Archbishop Gregory asked that flags at Catholic parishes, schools and missions fly at half-staff through sunset on Friday, Dec. 21, “to mourn the victims.”
Archbishop Gregory also wanted to affirm that Catholic schools in the archdiocese were taking the appropriate measures to protect their students as well.
“As we offer our heartfelt prayers for the families and parents of those killed in Newtown and all victims of senseless violence, I wanted to let you know that the Archdiocesan Schools Office has activated our crisis management plan at all of our schools. Counselors will be available for students, parents and staff,” he wrote in a memo to parishes and staff.
The crisis management plan is multifaceted, added Diane Starkovich, archdiocesan superintendent of schools. Resources and information have been made available to parents and teachers to help them discuss what happened at Sandy Hook Elementary with students and children. Also, additional counseling resources have been made available for schools that feel they need it.
Starkovich said that archdiocesan schools routinely practice safety measures, including procedures for intruders and lockdowns, among many other scenarios.
“Our schools have routinely taken this seriously,” she said.
“We have taken the next level of security,” in light of the events in Newtown, she added. “There have been no threats, but, of course, we want to be safe.”
Starkovich also said that law enforcement in several metro Atlanta counties have made themselves more visible, driving through school campuses to show an increased presence since last Friday.

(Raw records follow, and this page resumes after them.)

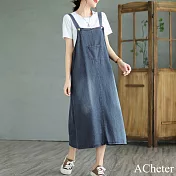 【ACheter】 復古風水洗做舊棉牛仔背帶裙減齡款開叉吊帶中長裙無袖洋裝# 118139 L 牛仔藍色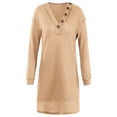 thumbnail image 5 of Seyurigaoka Women Juniors Solid Color Mini Dress, Long Sleeve V-neck Leisure Dress, 5 of 9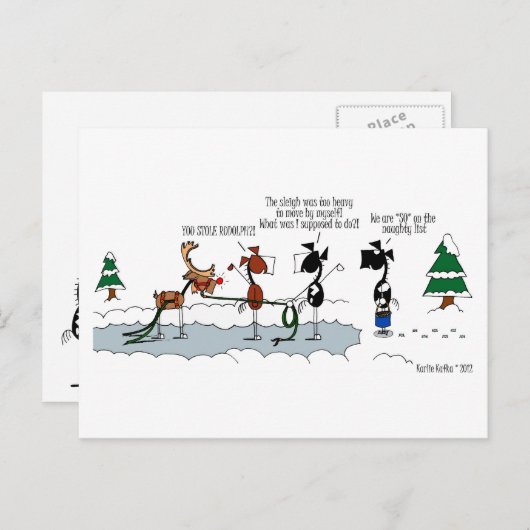 馬おもしろい盗み漫画はがき ポストカード (正面/裏面)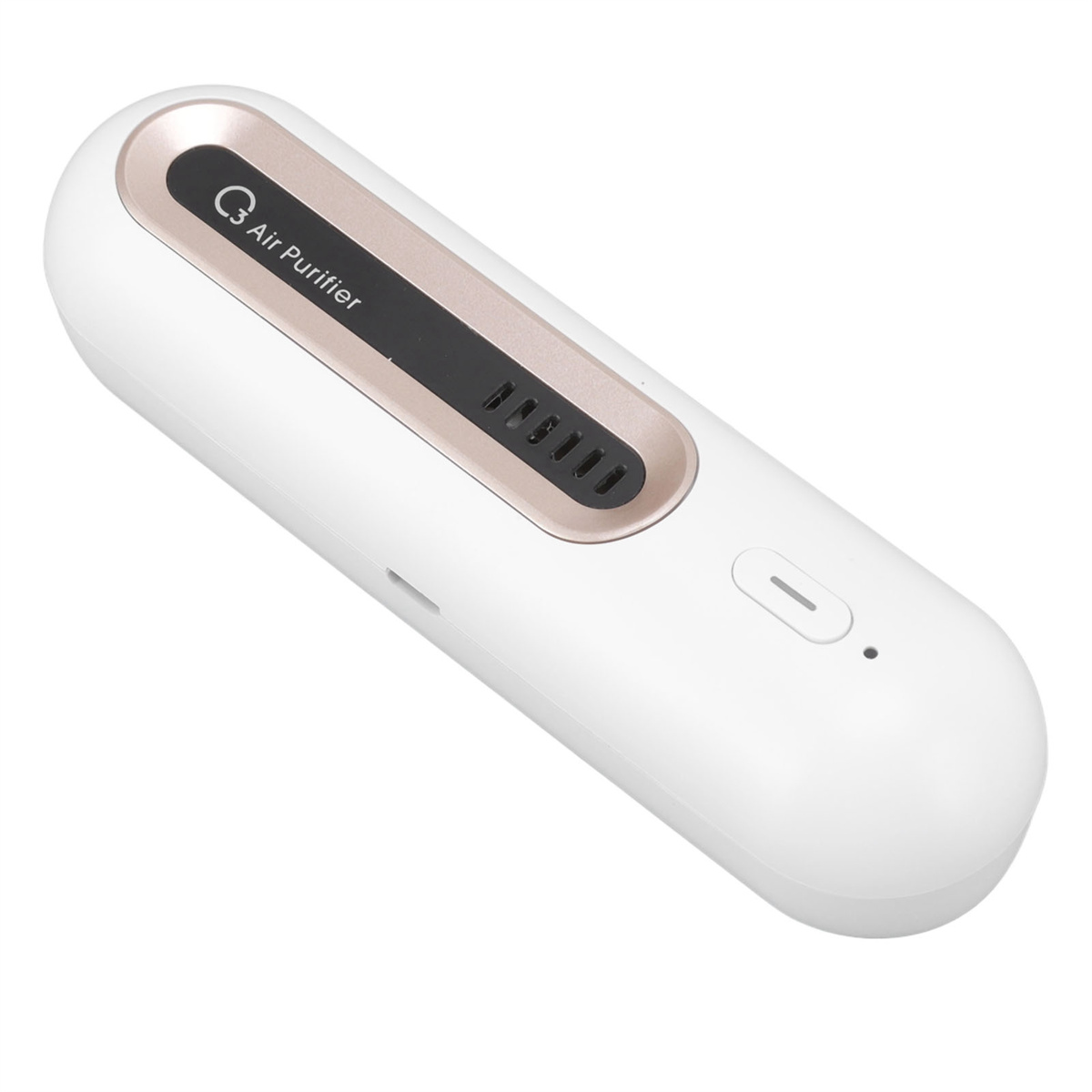 Ein weißes und goldenes Luftreinigungsgerät, schlankes Design, mit dem Wort "Air Purifier" darauf.
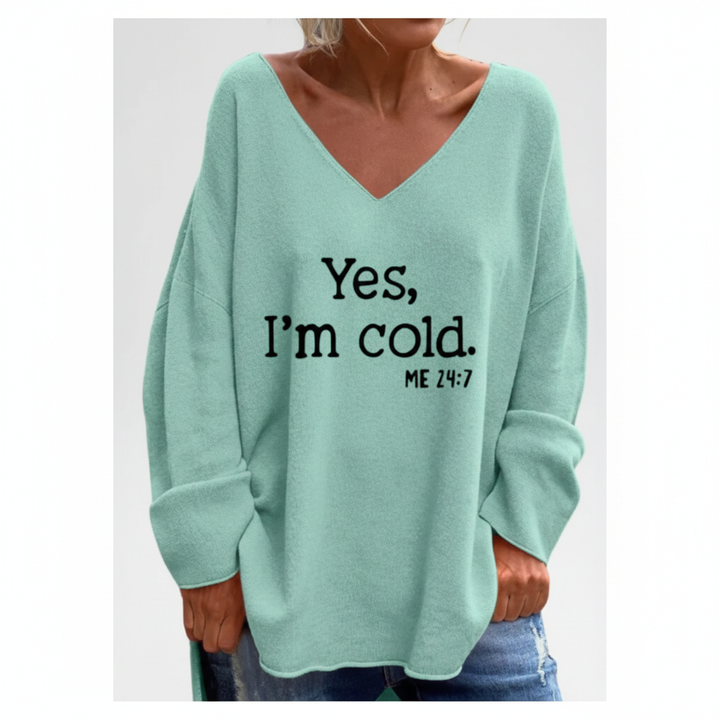 Casual women's oversized patterned V-neck sweater, comfortable and warm winter fashion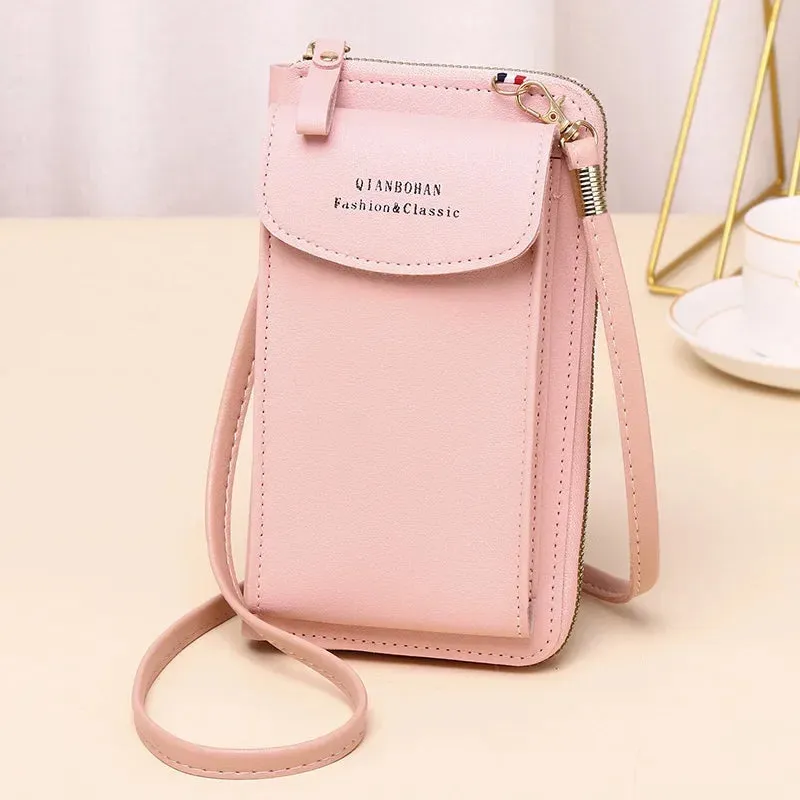 Girl Women Wallet Shoulder Mini Leather Bags Straps Mobile Phone Big Card Holders Wallet Handbag Money Pockets Girls Small Bags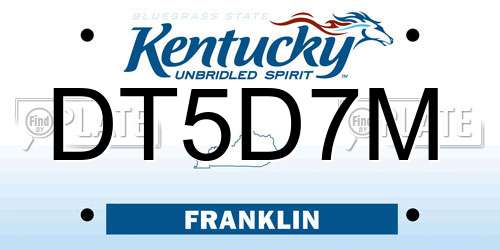 DT5D7M Kentucky License Plate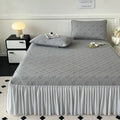DecorBites™ Ice Bean Jacquard Bed Skirt Set - 3 Piece, Summer Washed Mattress Mat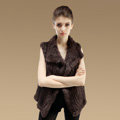 Gorgeous Delicate Knitted Nature Rabbit Fur Vest Women Winter Warm Fur Gilet - Coffee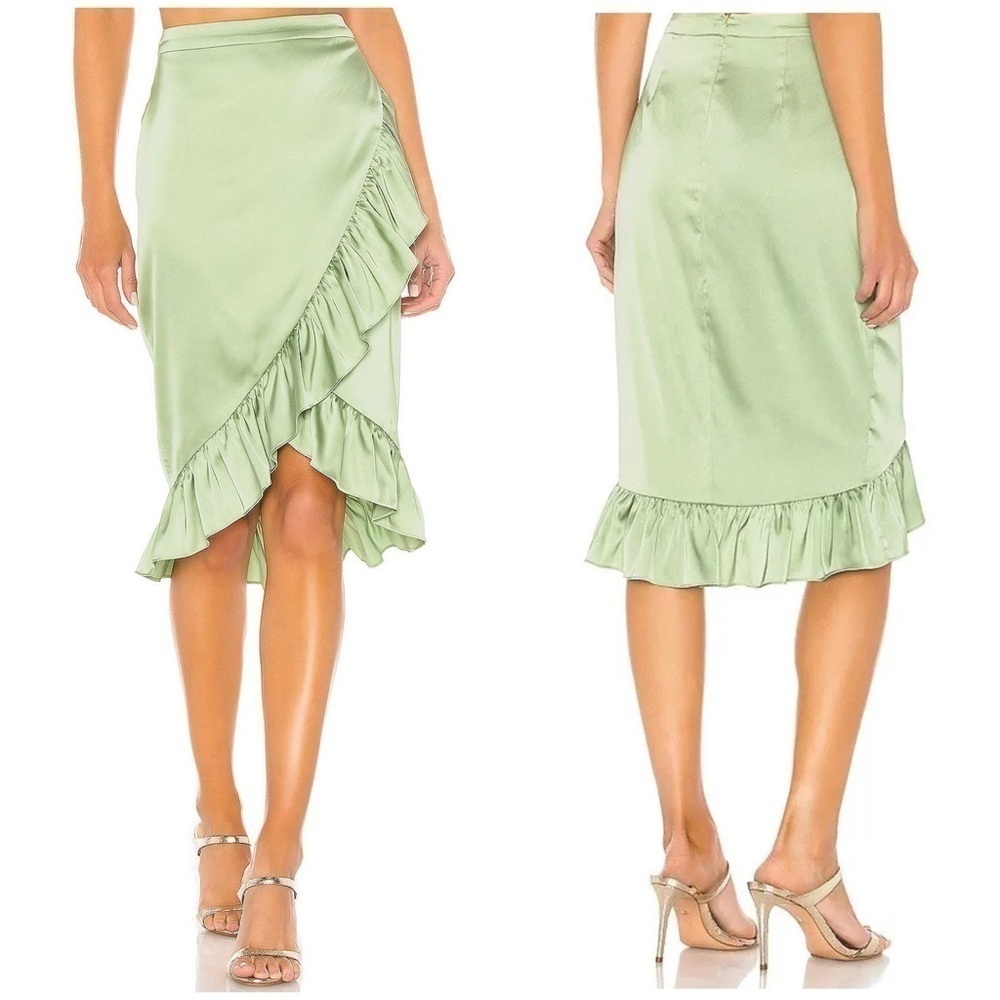 NBD Stella Mint Green Ruffle Midi Skirt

In addition, many schools have planned Masses and prayer services with a focus on the victims and their families.
“We are praying and that is important,” said Starkovich.

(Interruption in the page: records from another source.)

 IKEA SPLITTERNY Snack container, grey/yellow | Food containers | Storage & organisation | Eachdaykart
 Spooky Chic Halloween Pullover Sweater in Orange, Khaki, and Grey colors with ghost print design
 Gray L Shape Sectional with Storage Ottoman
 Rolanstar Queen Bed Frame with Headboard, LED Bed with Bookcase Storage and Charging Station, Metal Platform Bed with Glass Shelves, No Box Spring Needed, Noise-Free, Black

“Now is not the time to lay blame,” wrote LaSalette Father Tom Reilly, pastor of St. Ann Church, Marietta, in a letter to his parishioners. “Now is the time to begin a process of determining what we can do to insure nothing like this ever happens again. Now is the time to hold all the victims and their families in our hearts and in our prayers. Now is the time to find some tangible way we can let those families know that we love them and care for them and grieve with them because we are all part of God’s family.”
The priest said that he had been unable to sleep the night of Dec. 14 after watching the reports on the massacre of the children and school staff. He told the parishioners he got up and prayed intently for all those who died, for their families and for the perpetrator.
He ended the letter saying the 10:30 a.m. Sunday Mass on Dec. 23 would be celebrated for the Newtown victims and families and he would at that time describe “an act of kindness” the parish could embark on to show how deeply St. Ann’s cares for the families.